A partnership between clinicians and researchers at the College of Medicine has led to a new set of practical guidelines for emergency medicine physicians in treating a potentially life-threatening condition.
The guideline for treating angioedema arose from a partnership between associate professor of emergency medicine Joseph Moellman, MD, and professor of internal medicine, allergy/immunology Jonathan Bernstein, MD.
After two years of work, their recommendations were endorsed by the American College of Allergy, Asthma and Immunology and the Society for Academic Emergency Medicine, and were published in the journal Academic Emergency Medicine this spring.
The need for a standard of care
In angioedema, patients experience a rapid swelling of the skin and subcutaneous tissues—which, in some cases, can lead to airway obstruction and suffocation. Angioedema can be hereditary, or caused by the use of ACE inhibitors, a common class of drugs used to treat congestive heart failure and hypertension.

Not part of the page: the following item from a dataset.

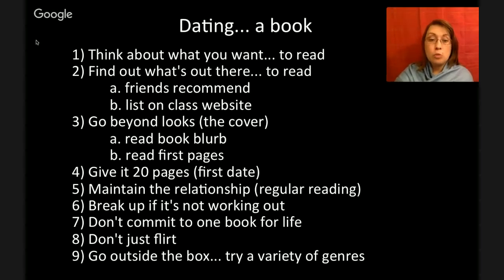Number seven: don't commit to one book for life. I have students who spend an entire month reading a Magic Treehouse book — that's not okay. You're not really committed to that book, you're just pretending. Finish a book, move on, appreciate it for what it was. Number eight: don't just flirt with books. A lot of you grab a random book off my shelf, pretend to read it in class, and then dump it before you walk out. That is not okay — treat my books well. Don't be a book flirt.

According to the National Hospital Ambulatory Medical Care Survey, there are as many as 80,000 to 112,000 ED visits for angioedema annually, and it ranks as the top allergic disorder resulting in hospitalization in the U.S.
For those patients who arrive in the emergency department with angioedema, Moellman says it can be a "matter of minutes” before swelling of the tongue and throat requires physicians to establish an airway, which can be challenging due to the amount of swelling. But he says recent progress in the pharmaceutical treatment of the condition has opened up more opportunities for care.

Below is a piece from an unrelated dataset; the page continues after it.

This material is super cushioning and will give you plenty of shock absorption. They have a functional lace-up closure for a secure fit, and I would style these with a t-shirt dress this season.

"There are new targeted therapies available for angioedema, but a lot of emergency medicine physicians aren’t familiar with them,” he says. "In emergency medicine, the old dogma was that you put people on corticosteroids and antihistamines and watch them—but we’ve found that with the advance of these new drugs, you don’t need to treat everyone the same way.”
With the largest population of Greater Cincinnati angioedema patients in his clinical practice, Bernstein especially is interested in advancing the care for these patients in an emergency setting.
"These guidelines represent an important advancement for the management of angioedema, as these patients typically first present to the emergency room,” says Bernstein. "Having a consensus recommendations on how to evaluate these patients should lead to a more directed treatment approach and improved clinical outcomes.”
Setting a consensus
Working with associate dean for clinical research Christopher Lindsell, PhD, Moellman and Bernstein hosted a day-long meeting of roughly a dozen allergy and emergency medicine experts in October 2012.
The workgroup started with a systematic literature review and then worked in allergist-emergency medicine physician pairs to develop each element of the practice guidelines.
"The goal was to generate a practical, evidence-based tool that could be used by emergency physicians to guide their practice—and one that is supported by a broad consensus of physicians across specialties,” says Lindsell.
The finished guidelines also identify areas where lack of evidence suggests a role for future research, as well as possible barriers to implementation.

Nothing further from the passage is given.